Exercise directions: Copy out the whole listing exactly as written, leaving the pictures behind.
• • • •
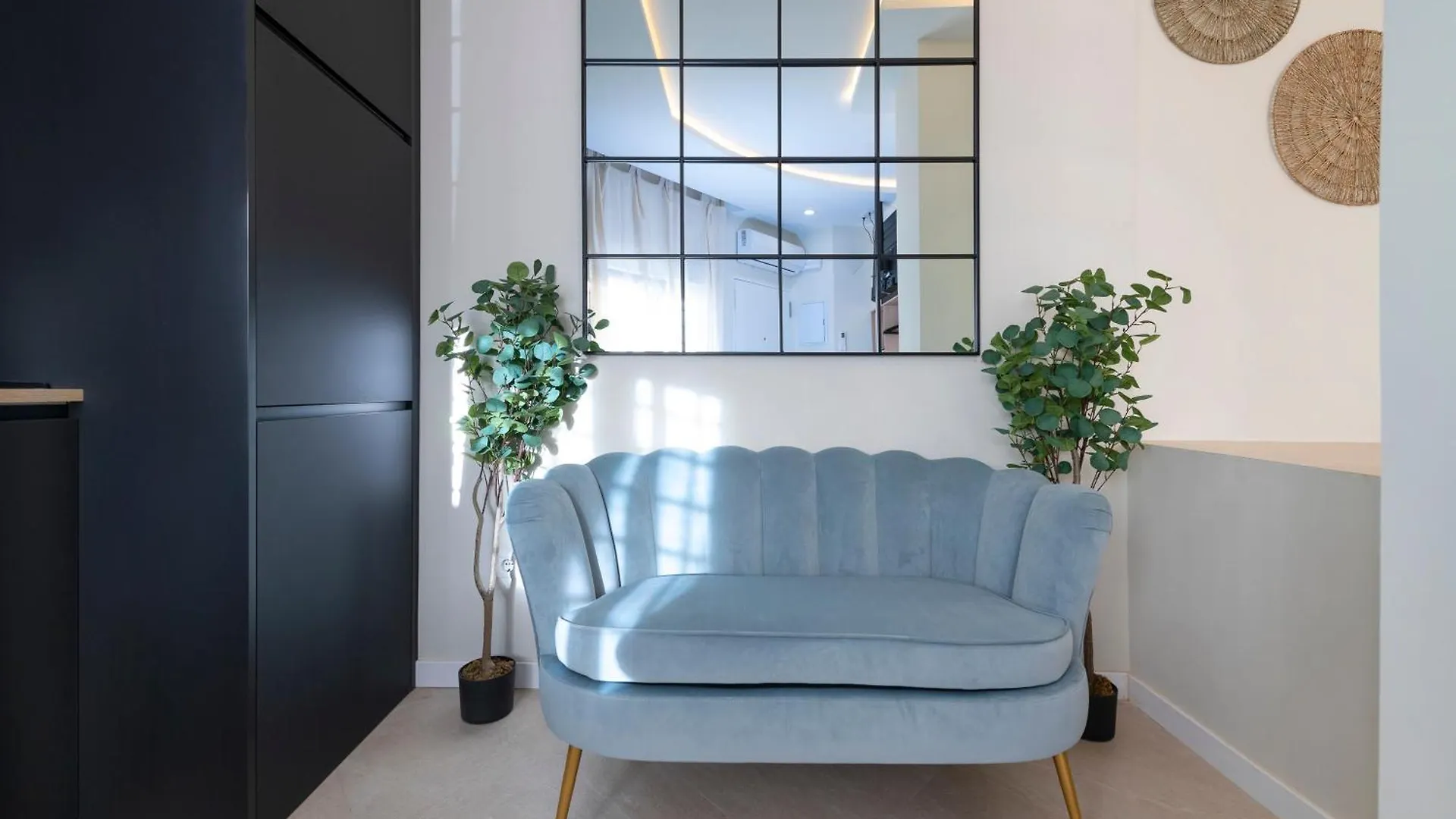 Malaga Boutique V.V Luxury Jacuzzy Apartment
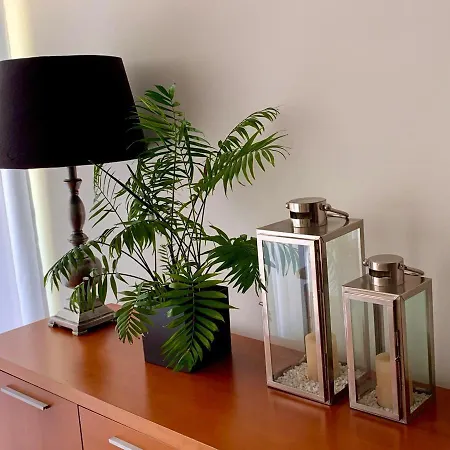 Apartment Yellow Five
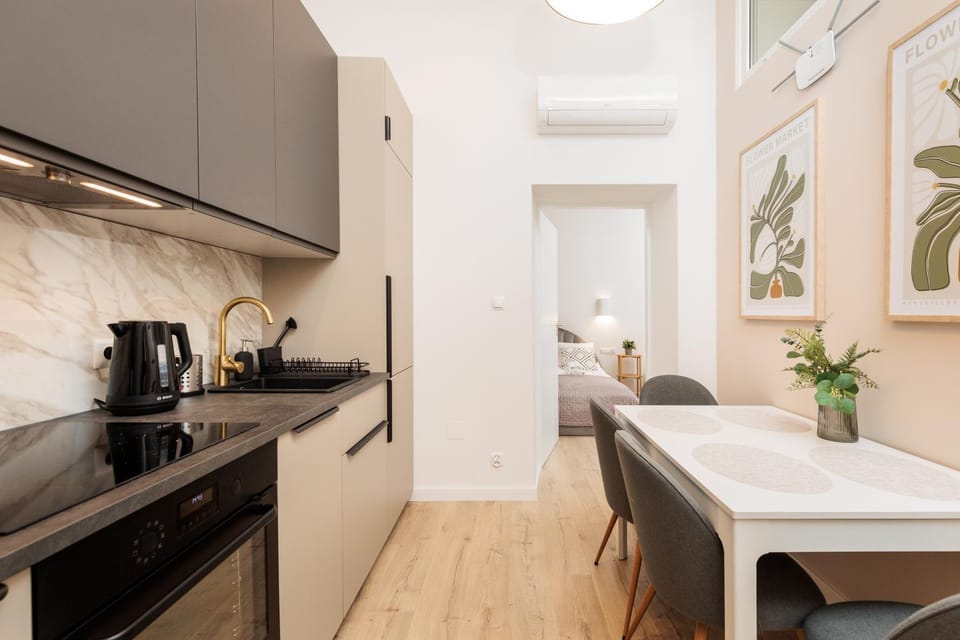 Coffee/tea facilities, Kitchen or kitchenette, Dining area, dishwasher, microwave, oven, stove, toaster
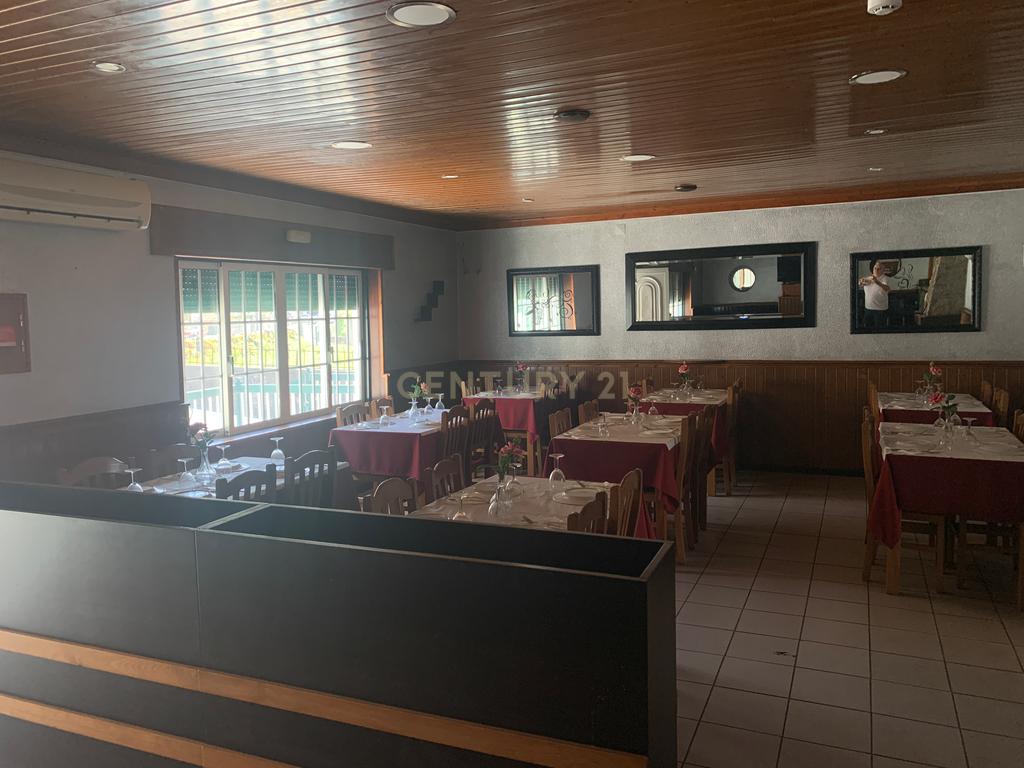 Mini Hotel à Venda na Zona do Gerês como 18 quartos , Restaurante, Cafe,l - Image 40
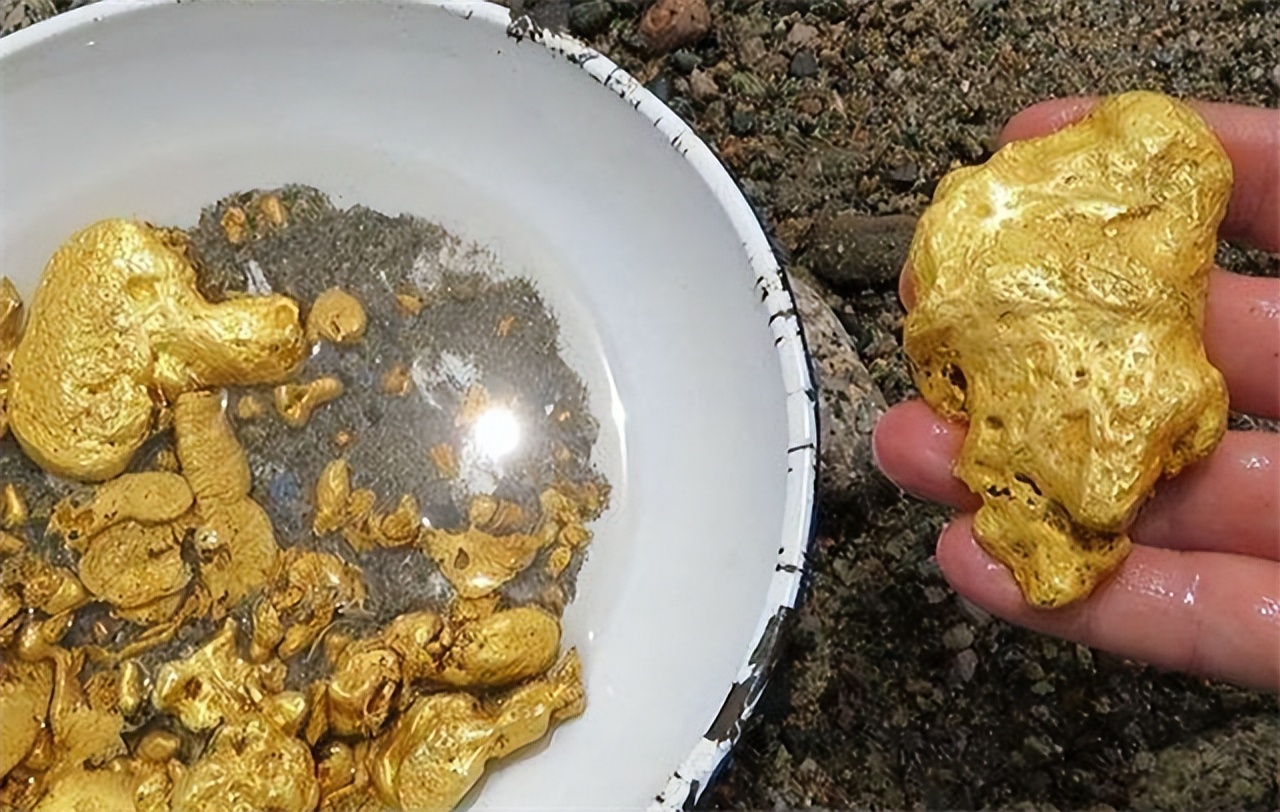 广西“上林帮”非洲淘金记：为钱殊死搏斗，常备200克金子保命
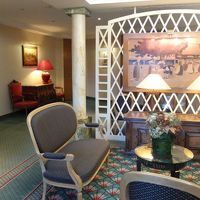 ４階の階段、エレベーターホール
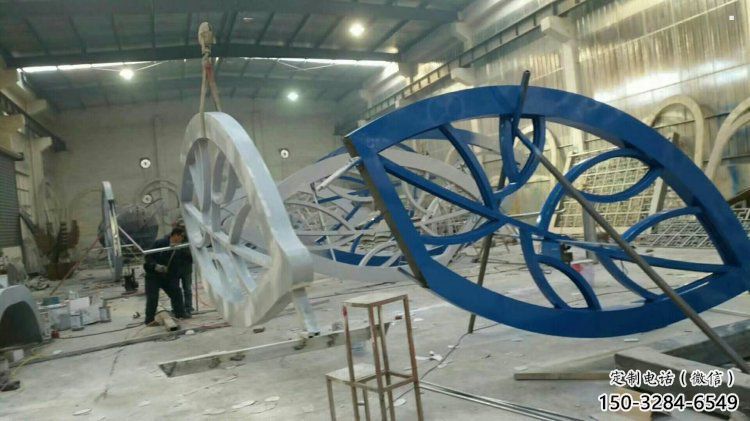 灯光树叶雕塑订做，室外软装，镂空灯光树叶雕塑供应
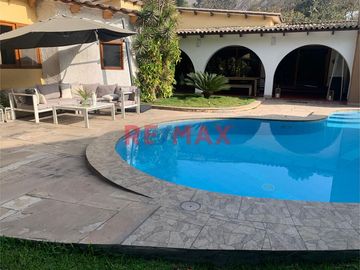 Venta De Amplia E Iluminada Casa En Exclusiva Zona De La Molina Con Piscina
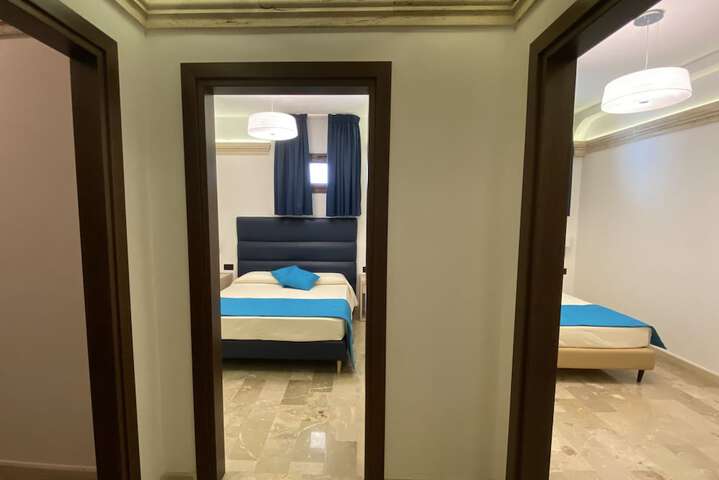 Room 41 of 73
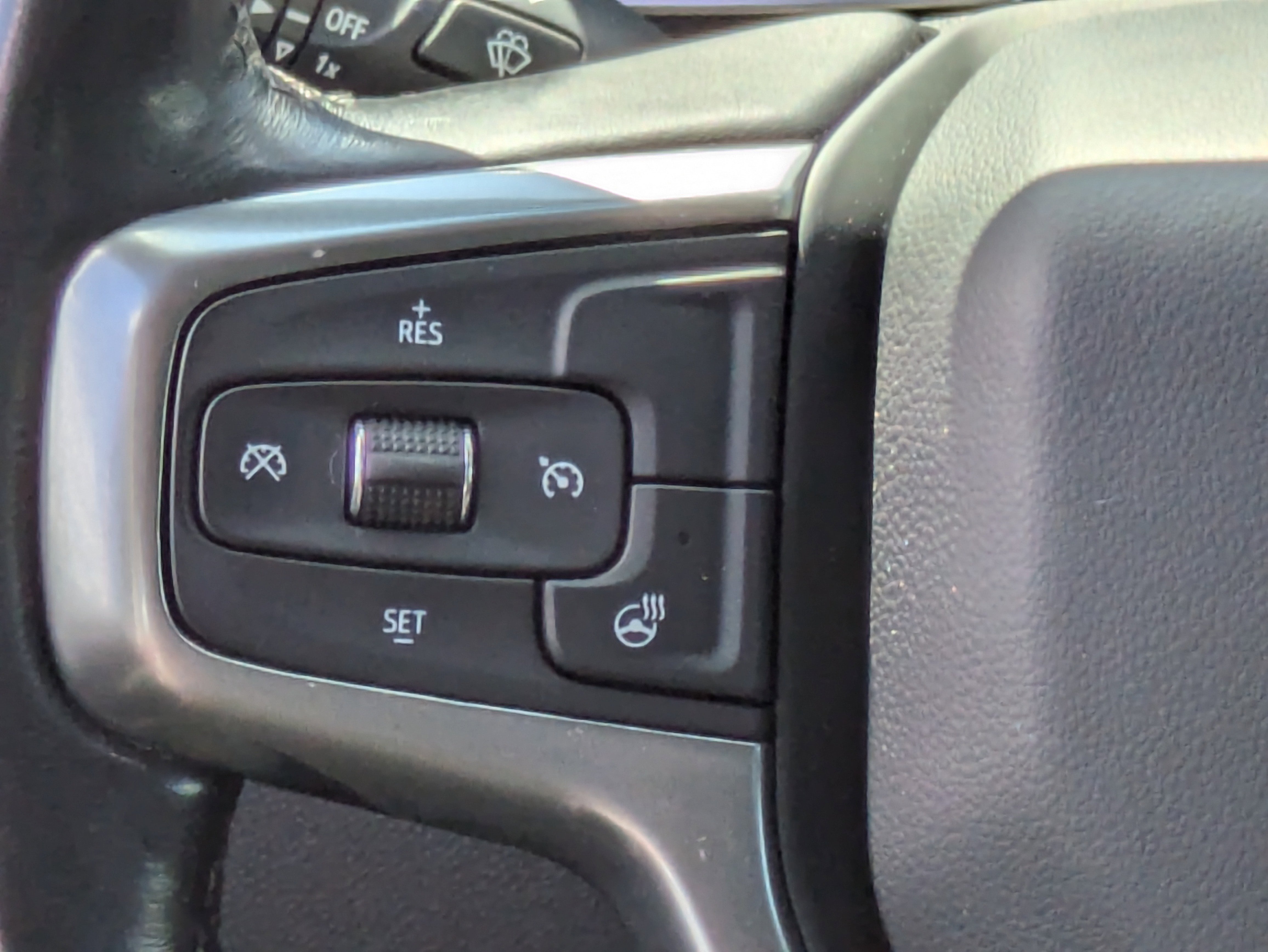 2021 Chevrolet Silverado 1500 LTZ photo 3
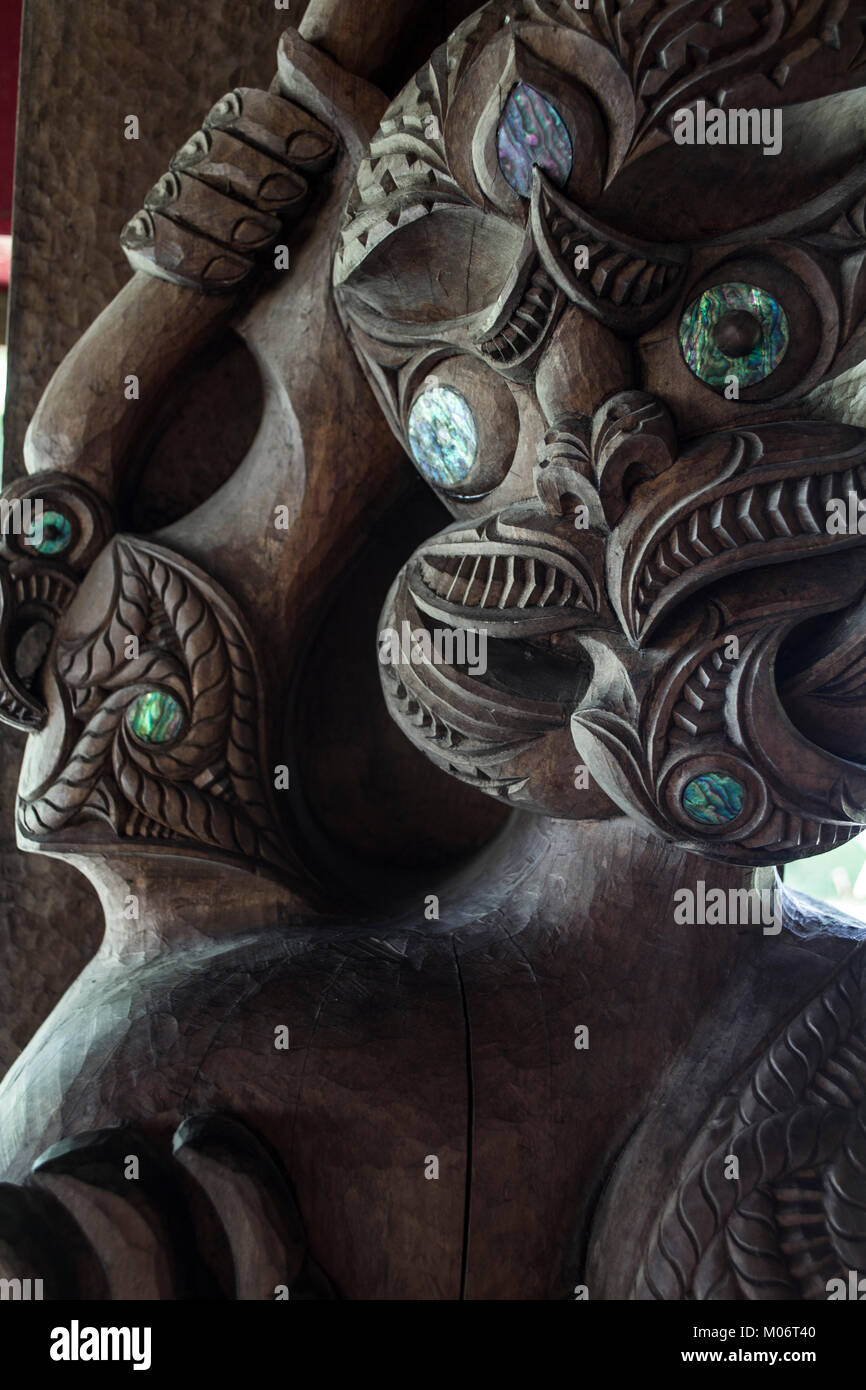 Waitangi, Nuova Zelanda. Dettaglio del waka house Foto Stock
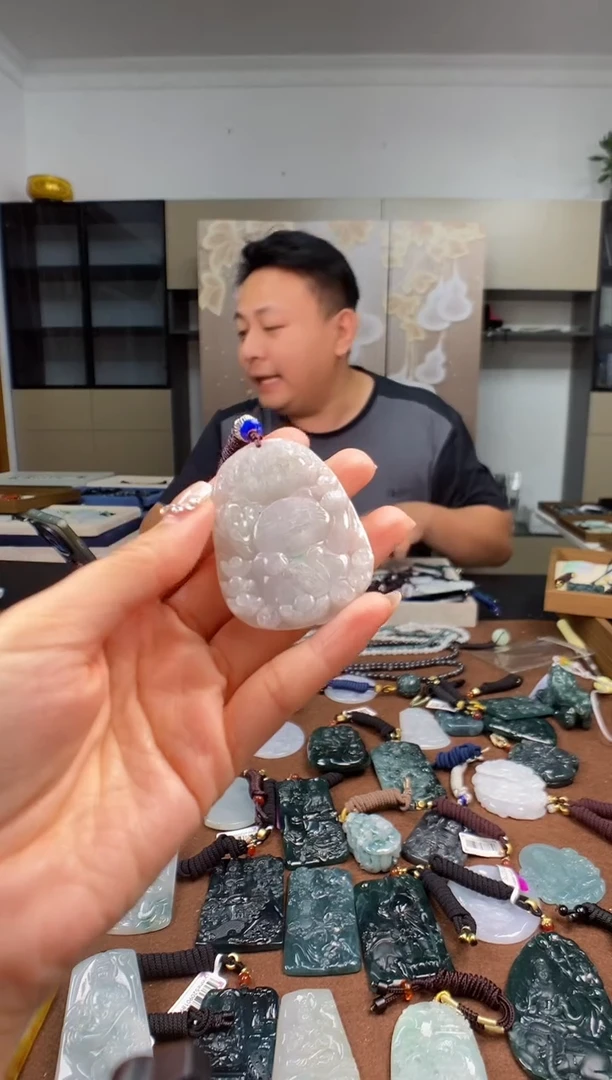 颈饰未镶嵌翡翠多样性发其一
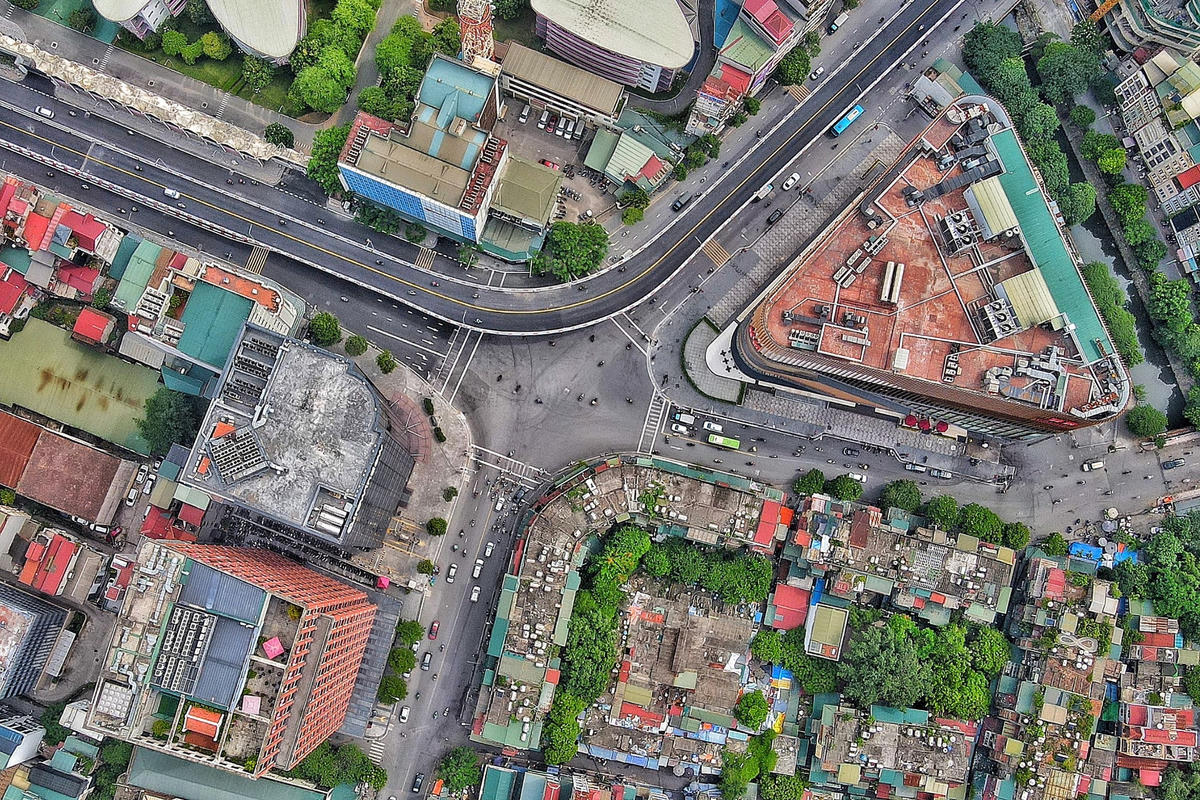 Khu vực nút giao Lương Định Của - Phạm Ngọc Thạch, cấm các phương tiện quay đầu trên đường Phạm Ngọc Thạch (theo hướng từ cầu vượt đến nút giao Lương Định Của); Cấm các phương tiện ôtô trên đường Phạm Ngọc Thạch (hướng từ Đào Duy Anh đi Chùa Bộc) rẽ trái vào phố Lương Định Của.Các phương tiện ôtô từ Phạm Ngọc Thạch rẽ trái vào Lương Định Của đi theo các hướng: Phạm Ngọc Thạch - Đào Duy Anh - Hoàng Tích Trí - Lương Định Của hoặc Phạm Ngọc Thạch - Đông Tác - Lương Định Của hoặc quay đầu tại điểm mở dải phân cách trên đường Phạm Ngọc Thạch (gầm cầu vượt) đi Lương Định Của.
• • • •
Result below:
 Malaga Boutique V.V Luxury Jacuzzy Apartment
 Apartment Yellow Five
 Coffee/tea facilities, Kitchen or kitchenette, Dining area, dishwasher, microwave, oven, stove, toaster
 Mini Hotel à Venda na Zona do Gerês como 18 quartos , Restaurante, Cafe,l - Image 40
 广西“上林帮”非洲淘金记：为钱殊死搏斗，常备200克金子保命
 ４階の階段、エレベーターホール
 灯光树叶雕塑订做，室外软装，镂空灯光树叶雕塑供应
 Venta De Amplia E Iluminada Casa En Exclusiva Zona De La Molina Con Piscina
 Room 41 of 73
 2021 Chevrolet Silverado 1500 LTZ photo 3
 Waitangi, Nuova Zelanda. Dettaglio del waka house Foto Stock
 颈饰未镶嵌翡翠多样性发其一
 Khu vực nút giao Lương Định Của - Phạm Ngọc Thạch, cấm các phương tiện quay đầu trên đường Phạm Ngọc Thạch (theo hướng từ cầu vượt đến nút giao Lương Định Của); Cấm các phương tiện ôtô trên đường Phạm Ngọc Thạch (hướng từ Đào Duy Anh đi Chùa Bộc) rẽ trái vào phố Lương Định Của.Các phương tiện ôtô từ Phạm Ngọc Thạch rẽ trái vào Lương Định Của đi theo các hướng: Phạm Ngọc Thạch - Đào Duy Anh - Hoàng Tích Trí - Lương Định Của hoặc Phạm Ngọc Thạch - Đông Tác - Lương Định Của hoặc quay đầu tại điểm mở dải phân cách trên đường Phạm Ngọc Thạch (gầm cầu vượt) đi Lương Định Của.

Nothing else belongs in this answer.